Hi,
I am working with some plant RNAseq data and trying to find the most abundant rRNA contaminant sequences.
I previously mapped my data to the ncRNA fasta (from ensembl) and got plenty of reads mapping to chloroplast (Pt) rRNA.
However, I am trying to separately map the data to chromosomal, Pt, and mitochondrial (Mt) rRNA to avoid losing reads to multimapping. To do this I took only the Pt rRNA sequences from the ncRNA fasta that I successfully used for mapping before, and put them into a Pt_rRNA.fa. I then tried mapping the data to this fasta, and got 0 reads mapped.
Any ideas why this is happening? I've double checked the fasta format and it really seems correct. I'm using STAR for the alignment and adjusted --genomeSAindexNbases accordingly for the small fasta index generation.
I also did this for the Mt rRNA and it seems to have worked (as in some reads mapped), so I'm really scratching my head over this.
Any help or suggestions would be greatly appreciated.

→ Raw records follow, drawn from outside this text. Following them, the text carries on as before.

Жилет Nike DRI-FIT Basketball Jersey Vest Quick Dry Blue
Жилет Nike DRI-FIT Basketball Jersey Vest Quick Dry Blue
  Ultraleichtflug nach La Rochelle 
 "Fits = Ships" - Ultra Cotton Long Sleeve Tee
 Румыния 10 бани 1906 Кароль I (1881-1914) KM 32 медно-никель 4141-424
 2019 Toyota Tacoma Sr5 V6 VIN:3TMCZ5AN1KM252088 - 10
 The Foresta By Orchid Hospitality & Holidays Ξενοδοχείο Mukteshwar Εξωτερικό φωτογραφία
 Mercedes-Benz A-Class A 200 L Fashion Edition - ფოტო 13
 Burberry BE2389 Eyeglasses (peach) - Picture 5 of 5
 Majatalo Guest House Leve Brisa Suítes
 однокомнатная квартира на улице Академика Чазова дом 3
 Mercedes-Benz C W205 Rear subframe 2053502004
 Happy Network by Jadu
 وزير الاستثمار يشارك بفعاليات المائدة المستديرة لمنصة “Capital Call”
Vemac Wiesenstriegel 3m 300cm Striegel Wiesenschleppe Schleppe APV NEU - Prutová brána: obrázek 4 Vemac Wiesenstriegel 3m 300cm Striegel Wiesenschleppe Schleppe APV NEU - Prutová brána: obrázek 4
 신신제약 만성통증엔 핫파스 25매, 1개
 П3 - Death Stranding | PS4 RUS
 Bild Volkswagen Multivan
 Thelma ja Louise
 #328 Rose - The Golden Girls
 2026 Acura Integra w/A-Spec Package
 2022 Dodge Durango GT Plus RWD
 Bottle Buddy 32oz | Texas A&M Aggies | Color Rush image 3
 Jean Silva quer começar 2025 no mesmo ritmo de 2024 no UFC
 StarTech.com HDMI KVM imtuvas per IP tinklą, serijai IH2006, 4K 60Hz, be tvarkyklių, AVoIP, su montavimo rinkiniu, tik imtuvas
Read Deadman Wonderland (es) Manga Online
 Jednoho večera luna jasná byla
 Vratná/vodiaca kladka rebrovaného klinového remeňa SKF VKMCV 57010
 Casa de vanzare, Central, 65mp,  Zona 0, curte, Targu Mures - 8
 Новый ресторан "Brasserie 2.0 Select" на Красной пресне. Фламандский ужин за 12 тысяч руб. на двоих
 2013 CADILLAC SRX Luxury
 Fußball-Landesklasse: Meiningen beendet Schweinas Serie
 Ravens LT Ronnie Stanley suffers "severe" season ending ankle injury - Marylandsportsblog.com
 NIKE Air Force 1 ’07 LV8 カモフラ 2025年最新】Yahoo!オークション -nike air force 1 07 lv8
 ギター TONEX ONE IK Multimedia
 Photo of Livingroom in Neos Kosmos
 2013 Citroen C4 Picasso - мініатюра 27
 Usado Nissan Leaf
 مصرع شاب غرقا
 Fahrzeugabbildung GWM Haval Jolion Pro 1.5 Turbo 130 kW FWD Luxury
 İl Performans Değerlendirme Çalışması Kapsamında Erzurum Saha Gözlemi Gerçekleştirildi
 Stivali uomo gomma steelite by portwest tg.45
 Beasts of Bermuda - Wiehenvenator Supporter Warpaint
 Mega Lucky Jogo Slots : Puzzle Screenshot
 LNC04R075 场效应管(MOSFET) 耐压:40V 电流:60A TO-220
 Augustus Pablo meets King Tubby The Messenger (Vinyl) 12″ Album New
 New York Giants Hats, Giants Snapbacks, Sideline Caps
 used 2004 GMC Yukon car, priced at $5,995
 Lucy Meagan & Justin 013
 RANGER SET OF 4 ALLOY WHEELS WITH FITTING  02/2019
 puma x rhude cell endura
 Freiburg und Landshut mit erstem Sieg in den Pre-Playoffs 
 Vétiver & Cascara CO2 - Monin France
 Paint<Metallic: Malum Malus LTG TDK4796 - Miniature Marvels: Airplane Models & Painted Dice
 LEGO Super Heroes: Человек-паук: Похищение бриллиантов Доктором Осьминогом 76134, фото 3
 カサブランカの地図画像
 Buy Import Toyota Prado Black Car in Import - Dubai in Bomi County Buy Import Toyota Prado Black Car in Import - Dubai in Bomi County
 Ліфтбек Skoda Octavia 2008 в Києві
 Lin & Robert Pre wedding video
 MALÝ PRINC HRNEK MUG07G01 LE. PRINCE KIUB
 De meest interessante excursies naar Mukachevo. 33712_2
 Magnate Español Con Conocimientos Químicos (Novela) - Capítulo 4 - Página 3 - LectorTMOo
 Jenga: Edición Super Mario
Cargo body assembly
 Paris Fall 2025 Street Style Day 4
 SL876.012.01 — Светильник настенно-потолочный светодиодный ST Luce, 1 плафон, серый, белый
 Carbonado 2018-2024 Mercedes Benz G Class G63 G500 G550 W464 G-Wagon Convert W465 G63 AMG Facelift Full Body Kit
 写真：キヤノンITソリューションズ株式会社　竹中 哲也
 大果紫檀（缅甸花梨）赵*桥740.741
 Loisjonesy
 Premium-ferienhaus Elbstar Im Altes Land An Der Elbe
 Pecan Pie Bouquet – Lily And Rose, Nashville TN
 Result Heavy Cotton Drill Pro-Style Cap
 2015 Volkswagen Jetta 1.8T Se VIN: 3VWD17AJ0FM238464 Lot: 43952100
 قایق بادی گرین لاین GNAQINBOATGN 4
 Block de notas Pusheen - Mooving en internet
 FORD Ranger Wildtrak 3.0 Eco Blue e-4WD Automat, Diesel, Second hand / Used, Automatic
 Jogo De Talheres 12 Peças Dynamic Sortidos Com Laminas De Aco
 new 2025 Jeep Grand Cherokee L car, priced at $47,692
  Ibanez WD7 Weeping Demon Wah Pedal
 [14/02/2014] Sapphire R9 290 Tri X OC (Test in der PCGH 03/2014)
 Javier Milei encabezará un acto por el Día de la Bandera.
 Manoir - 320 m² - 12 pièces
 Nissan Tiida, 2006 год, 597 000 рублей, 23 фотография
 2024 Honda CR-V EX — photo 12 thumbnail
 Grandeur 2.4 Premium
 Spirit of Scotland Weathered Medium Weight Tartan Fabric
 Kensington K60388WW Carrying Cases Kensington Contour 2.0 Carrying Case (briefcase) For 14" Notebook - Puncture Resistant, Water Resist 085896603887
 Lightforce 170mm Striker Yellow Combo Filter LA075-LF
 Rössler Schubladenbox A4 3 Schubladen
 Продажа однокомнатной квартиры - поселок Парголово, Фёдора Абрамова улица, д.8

What is the length of fasta reference sequences?
There are 8 reference sequences in the fasta, total about 9,000 bases. I'm using STAR because it's what I've been using for these data and it's been working fine thus far. Would using something like bowtie be better for a small fasta? I don't believe splicing should be an issue with the Pt rRNAs so it should work.
I suggest that you give another (bbmap, bwa-mem2, bowtie etc) NGS aligner a try. STAR is splice-aware and likely has default options that look for splicing, which may be leading to the reads not mapping at all.
I tried to mess with the STAR arguments to ignore splicing, but nothing seemed to work. Bowtie seems to have worked well though, thanks!